After looking at the photos today, I checked out the Armeni Village website and was surprised — and, to be honest, a little dismayed — to see it doesn’t look quite the same. The blue and orange paintjob is history, and the hotel now sports a simple but sophisticated stark white exterior.
The Armeni Village certainly looks elegant, and expensive, but to me seems to have lost much of its charm and appeal by whitewashing its eye-catching colour scheme. Now, it’s just another typical white Greek luxury hotel on a spectacular cliffside location.
But at least one important thing hasn’t changed: the hotel’s incredible caldera views.
If you want to experience them for yourself, you can still reserve a double room for as little as €110 per night — provided you can travel in April or early May. If you wait until June, that same room will cost you €170. And if you can’t travel until July or August, get ready to fork out at least €230 per night.

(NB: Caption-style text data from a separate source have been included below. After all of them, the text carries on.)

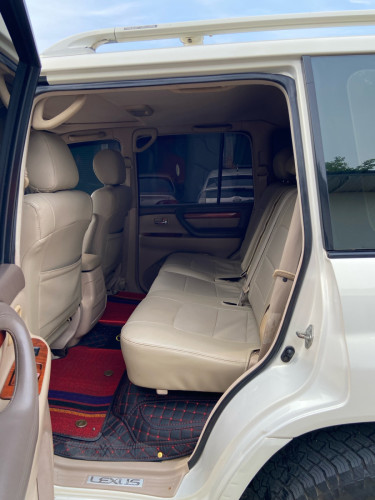 LEXUS LX470 1999 V8 P2 សាំង+ហ្គាស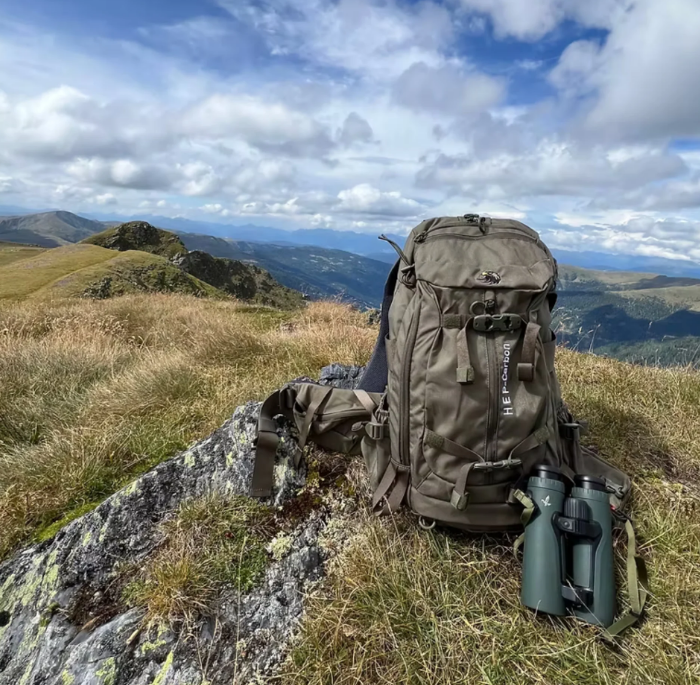 HEP Carbon Jagdrucksack Gladiator 26l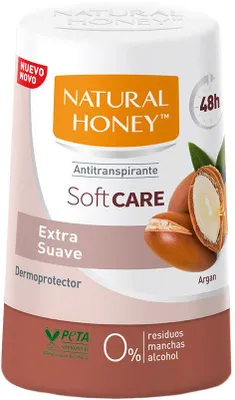Obrázok produktu pre Natural Honey Soft Care dezodorant v guličke 50 ml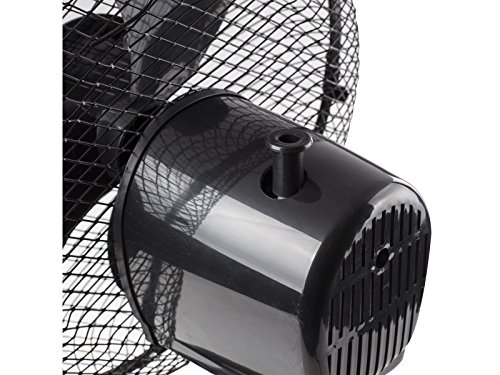 Tristar Ventilator Durchmesser 23 cm – Oszillierend, 1 Stück, schwarz, VE-5924 - 5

Might sound like a lot of money for a room, but then it’s in Oia … and that marvellous, timeless view is priceless.
The bottom of the oval swimming pool at the Naxos Beach II Hotel is decorated with a large illustration of the Portara, the island’s most famous monument
Good swims: Our all-time favourite swimming pool in the Greek Islands is the only one in which we actually got to spend quite a bit of time splashing around without feeling like we were going to freeze. As I’ve mentioned before, we usually find the water in hotel swimming pools too chilly for swimming when we travel to Greece in the spring. We’ve found some pools to be too cold to our liking even in late September, too! But we didn’t have any complaints about water temperature in 2005 when we stayed at the Naxos Beach II Hotel during our first visit to Naxos.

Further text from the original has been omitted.